Each voting member is entitled to one (1) vote on each matter submitted to a vote of the members. Voting at duly held meetings shall be by voice vote. Voting may also be conduced via mail or electronically. Members shall not be permitted to vote or act by proxy, or in absentia.
Section 6: Conduct of Meetings
Meetings of members shall be presided over by the President of the Alliance or, in his/her absence, by the President Elect or, in the absence of both, by a Chairperson chosen by the majority of the members present. The Secretary of the corporation shall act as Secretary of all meetings, provided that in his/her absence the presiding officer shall appoint another person to act as Secretary of the meeting.
ARTICLE V. GOVERNANCE
The Alliance shall be governed by a Board of Directors to be elected by the voting members of the Alliance.

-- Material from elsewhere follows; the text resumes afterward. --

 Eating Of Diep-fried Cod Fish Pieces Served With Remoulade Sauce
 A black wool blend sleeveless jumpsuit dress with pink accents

The Board of Directors of the Alliance shall be composed of the officers,six (6) directors elected by the membership and the chairpersons of any duly created Chapter (not to exceed eight (8) Chapters), as voting members, and may also include chairs of committees or other persons ex officio. Appointed chairpersons (membership, webmaster and awards) shall serve on the board in a non-voting capacity. The Board of Directors shall also ensure that the perspectives of higher education and the ISTE (national affiliate) are specifically represented on the Board of Directors either by appointment or as a result of the slate of officers presented for election. These specific “perspectives representatives” may also serve as non-voting members of the Board. Appointed Board members serve at the pleasure of the currently seated Board of Directors and have no time limitations for appointment.
Section 2: Election of Officers and Directors
Not less than 60 days before the annual meeting, the President Elect shall appoint a Nominating Committee consisting of at least three additional members. Not less than 40 days before the annual meeting, this committee shall submit to the secretary of the AZTEA names of at least two qualified candidates for each office and each vacancy among the directors, after having ascertained that each such candidate is willing to serve if elected. In the event that two potential candidates can not be found for a specific office, the Nominating Committee may forward a single candidate. Not less than 30 days prior to the annual meeting, the secretary shall notify the membership of the Nominating committee report. Election will be by written or electronic ballot. In the event of a tie for a place on the Board of Directors, a run-off election will be held immediately. The term of office for elected positions other than Director shall be for one year, July 1 to June 30.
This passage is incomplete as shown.